Serving the High Plains
The last time our election results were as fraught as they are today was in 1877, when a candidate who lost the popular vote in 1876 won the election quite literally by an act of Congress.
Of the four candidates involved in the 1876 and 2020 races, three were honorable.
It's sad to note that the exception is currently sitting in the White House with the apparent intent of occupying it in the same sense that Occupy Wall Street wanted to overturn the corporate world, without adequate popular support and, it seemed, by any means fair or foul.
According to several online historical sources, in the 1876 race, candidates James Tilden, a New York Democrat, and Rutherford B. Hayes, an Ohio Republican, both honorable men, were competing for the White House then occupied by President Ulysses S. Grant, another Republican.
As a general, Grant won the Civil War, but as a president he apparently was powerless to prevent glaring bribery scandals that polluted his presidency. His term was also marred by significant economic woes.
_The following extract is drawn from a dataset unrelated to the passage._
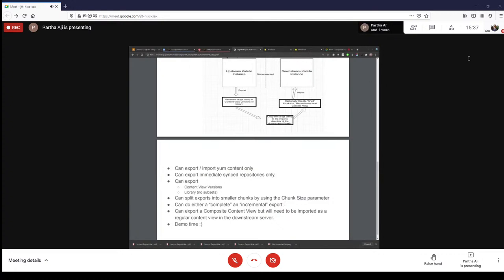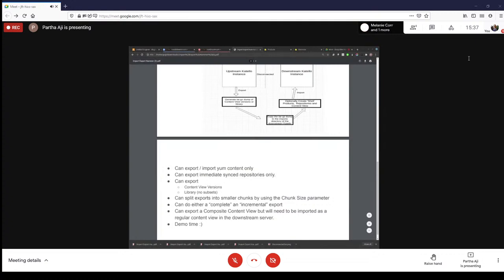Now coming to the quirks: you can export a composite content view, but it will need to be imported as a regular content view on the import-only downstream server. This might seem a bit odd, but it makes sense because you're able to get the full content from a composite content view that you can then import.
Conditions like these usually bring the opposition party into power, and if the popular vote would have prevailed, Tilden would have been our 19th president, but he came up one electoral vote shy of the majority.
Congress had to improvise, because the Constitution did not cover this “what-if,” and appointed an election commission consisting of five Congress members from each party and five Supreme Court justices, two nominally representing each party and one independent.
As it turned out, the independent justice accepted an appointment to the Senate and was replaced by a Republican.
Squabbling, recounts, accusations and tension continued well after the usual Jan. 20 date of presidential inauguration. Eventually, however, a Congress as divided as today's came up with the Compromise of 1877, which resulted in Hayes taking the oath of office on March 5, 1877.
Under this compromise, Hayes would become president but would remove federal troops from southern states, thus ending the post-Civil War Reconstruction, which was both good news and bad.
It was good news because it restored states' rights to the South, but bad news because it ended racial diversity in Southern governance in an era long before diversity was cool. It brought on the Jim Crow era of outright cruelty to African-Americans in the South that continued to the 1960s.
The big difference between the elections of 1876 and 2020 is the honest tie of 1876. Our current election controversy has been manufactured by President Donald Trump who seems to have a pathological inability to acknowledge his loss of both the popular vote and the Electoral College to President-elect Joe Biden, who is honorable.
But Trump retains the power of the presidency to prolong his phony controversy, and his attempt to change some rules, due to his uncanny influence over his base and the U.S. Senate, just might work to subvert an honest election.
Democracy was not in danger in 1876, but it certainly is now.